Im Stall war Specki also schnell der Liebling, solange man ihn nicht reiten musste. Also klar, wenn man ein entspanntes Lot wollte, wo das Pferd nicht herumhampelte und auch sonst eher gemächlich war, dann war das voll super. Specki fand schnell laufen blöd. Oder einfach sinnlos. Da wackelt der Wanst nur unnötig.
Die Zweijährigen Klassiker wurden ausgelassen, Specki war ja spät dran, das hätte er nie gepackt. Aber vielleicht ja nächstes Jahr, wenn er drei ist.
Ihm Beine machen war unmöglich. Specki war fröhlich und langsam. Und auch das einzige Pferd, bei dem der Trainer je auf die Uhr geschaut hat. Wer den in weniger als 4 indiskutablen Minuten über die Meile schieben konnte, war ein Held.
Specki ging im Winter zurück ins Gestüt, kam im Frühjahr wieder – unverändert.
Er hatte keinen festen Reiter, alle mochten ihn, daher wollten ihn auch alle reiten. Und Specki mochte auch jeden. Es gab nichts, mit dem er unzufrieden war.
Der Ernst des Lebens fing dann doch irgendwann in Köln an. Als Specki denn nun endlich mal laufen sollte. Auf 2000 Meter. Gerne hätte ich dem Jockey was gesagt, der die Abstammung sah und schon mal den Jubel probte.
Es mobbelte also aus der Startmaschine (ein Wunder, dass er nicht steckenblieb – Bauch verschwunden, aber schweres Pferd bleibt nun mal schweres Pferd), machte sogar ein bisschen Dampf, um dann ab der Meilengrenze sich die Schmetterlinge anzusehen und zu sagen: Nöööö …
Versuch macht klug – und Specki mobbelte sich auch noch mal für andere Besitzer durch ein Rennen. Wo er sogar Ausversehen mal Zwei Mark fünfzig, oder irgendwie so was, verdiente. Jedenfalls bekommt jeder Ein-Euro Jobber mehr.
Specki war nie für die Rennbahn gemacht. Zu groß, zu schwer, zu lieb, zu wenig Biss, zu wenig Kämpfer. Aber er mobbelte eben so durch unseren Stall und war zufrieden mit sich und der Welt.
Warum erzähl ich euch die Geschichte von Specki? Kein tolles Rennpferd, kein besonderes Charakterpferd, kein Happy End, kein gar nichts.
Na, weil das einfach ein normaler Werdegang ist. Man stellt fest, dass ein Pferd fürs Rennen nicht taugt. Und das sogar früh.
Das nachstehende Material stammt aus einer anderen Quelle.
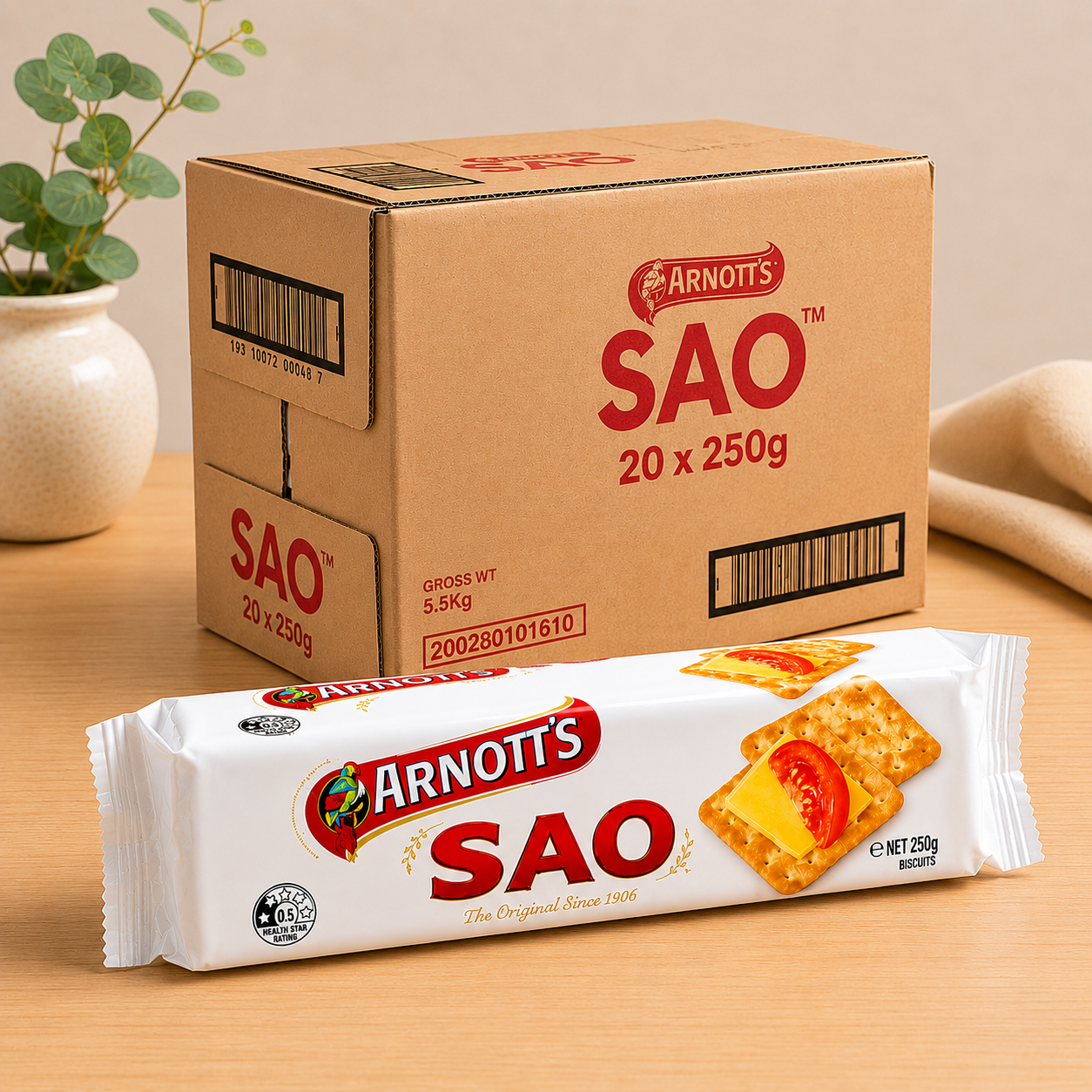 Carton de SAO - ARNOTT'S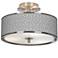 Giclee Glow 14" Wide Moroccan Diamonds II Shade Modern Ceiling Light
Je nach Besitzerwunsch versucht man es länger oder kürzer. Und dann gibt man es an jemanden, der ihm eine andere Aufgabe gibt. Specki steht stellvertretend für beinahe alle Rennpferde, die deutsche Rennpferde aufgrund von Langsamkeit verlassen. Nur eben etwas dicker als der Rest.
Foto: Nicht Specki, aber auch zu langsam. Dafür jetzt Longenhalter.